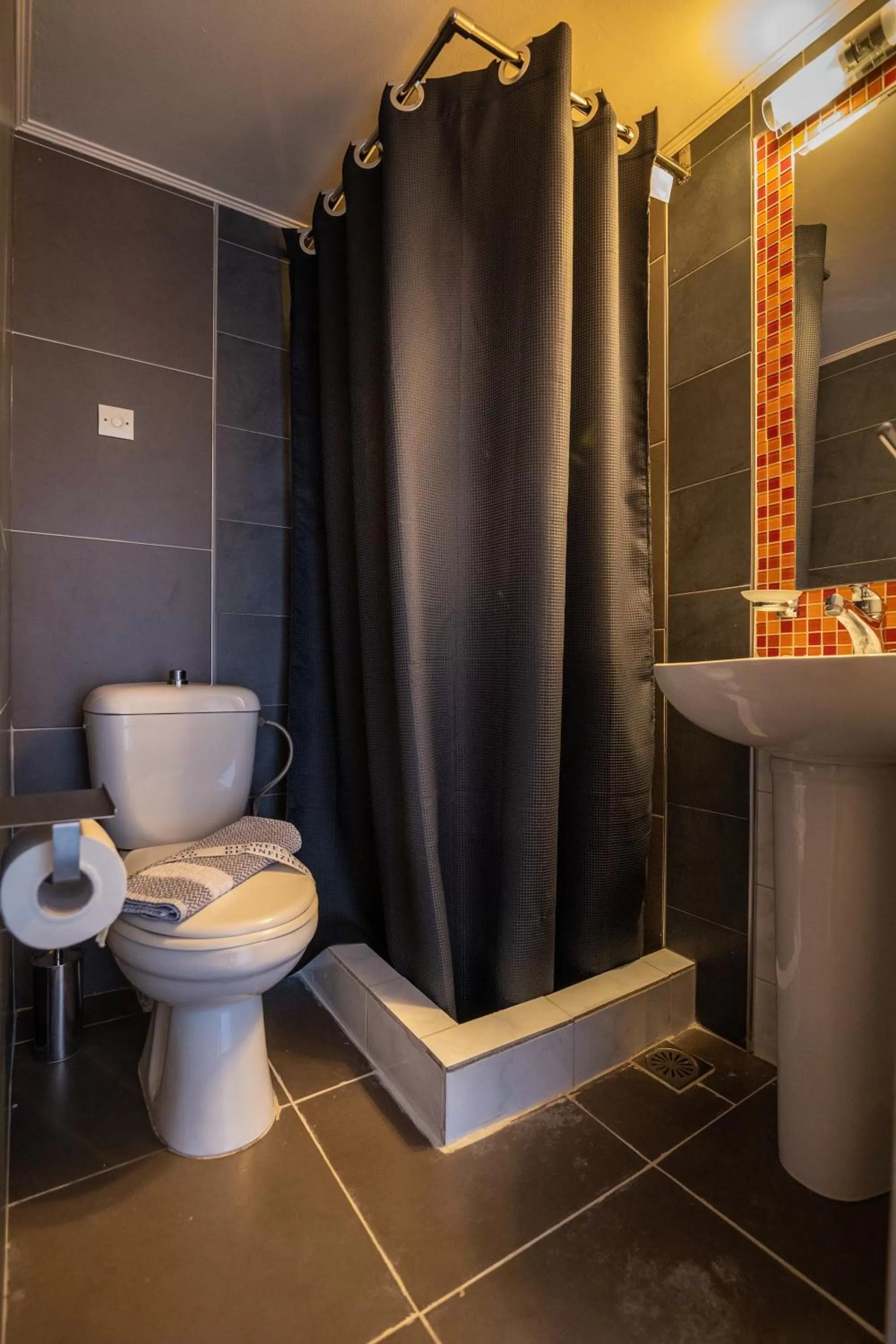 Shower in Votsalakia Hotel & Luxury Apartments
******************************
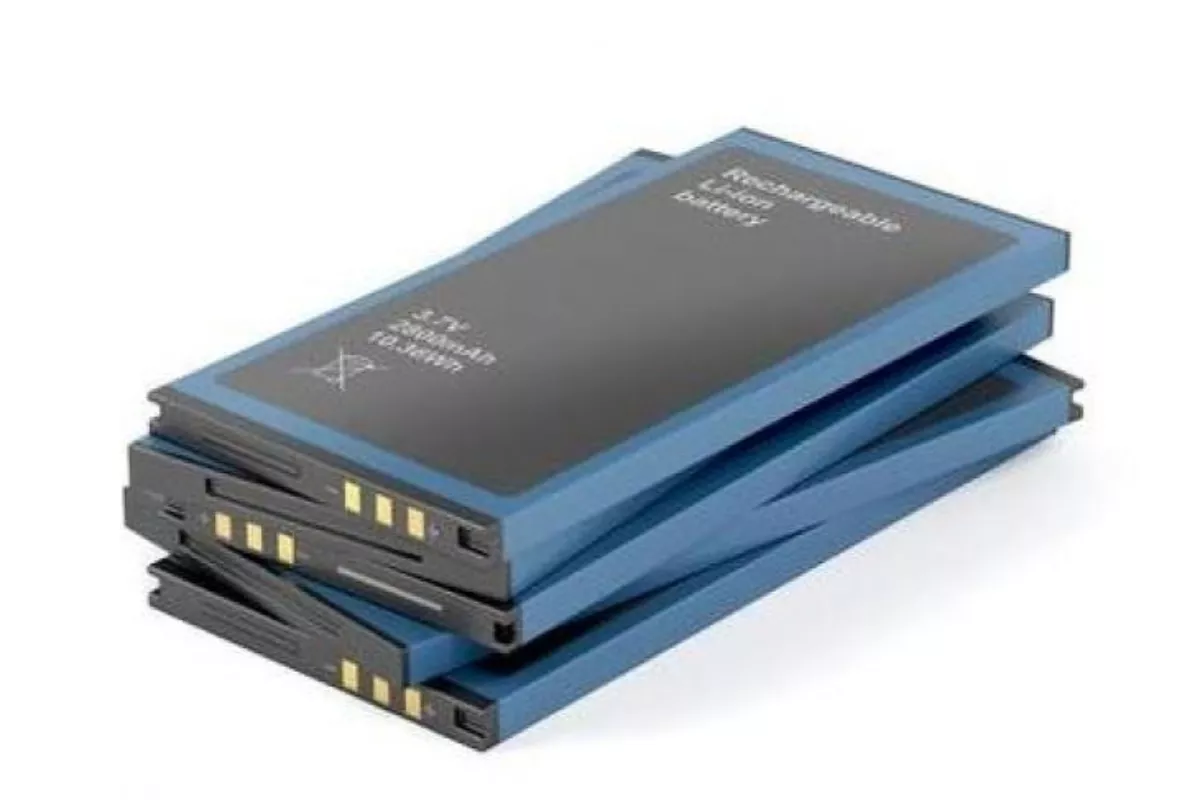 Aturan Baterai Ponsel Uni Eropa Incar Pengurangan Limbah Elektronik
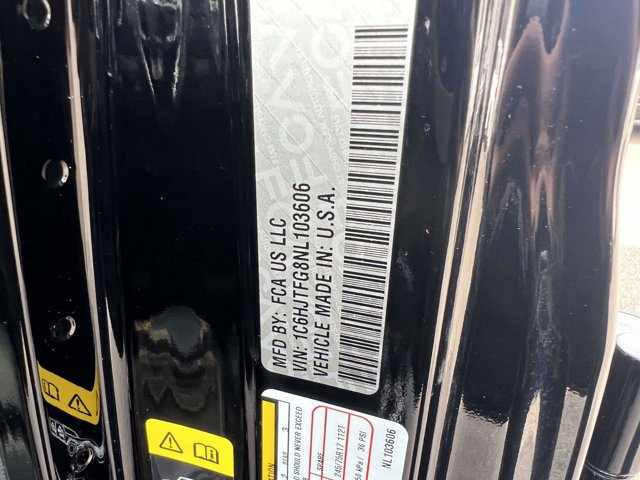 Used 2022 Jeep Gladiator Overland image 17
******************************
▶ _WHAT THIS TASK INVOLVES_: Would you copy out, exactly and with no pictures, only the lines above from the one that contains "Aturan Baterai Ponsel" through the one that contains "Used 2022 Jeep Gladiator Overland image 17"?

▶ _PROBLEM SOLUTION_:
 Aturan Baterai Ponsel Uni Eropa Incar Pengurangan Limbah Elektronik
 Used 2022 Jeep Gladiator Overland image 17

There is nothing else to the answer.